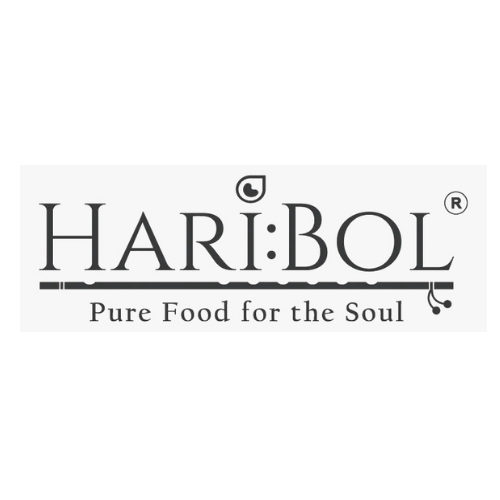 Customer Logo 38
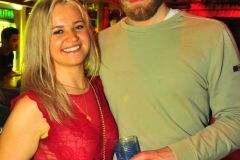 230325-SC_Take_Off_049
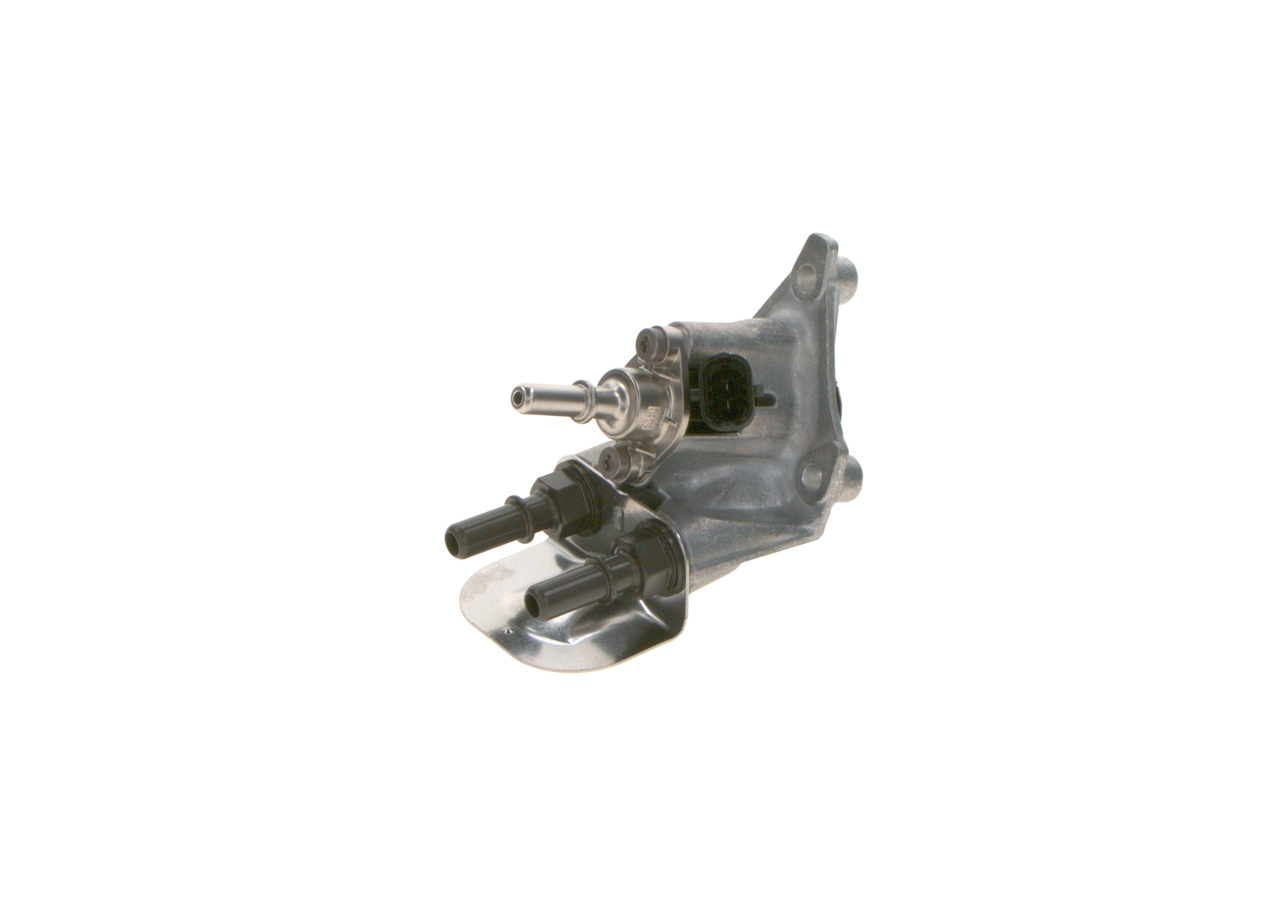 BOSCH 0 444 043 018: Dávkovací modul (vstrekovanie močoviny)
++++++++++++++++++++
Every line of the material above should be repeated exactly, except for the pictures.

TASK RESPONSE =>
 Customer Logo 38
 230325-SC_Take_Off_049
 BOSCH 0 444 043 018: Dávkovací modul (vstrekovanie močoviny)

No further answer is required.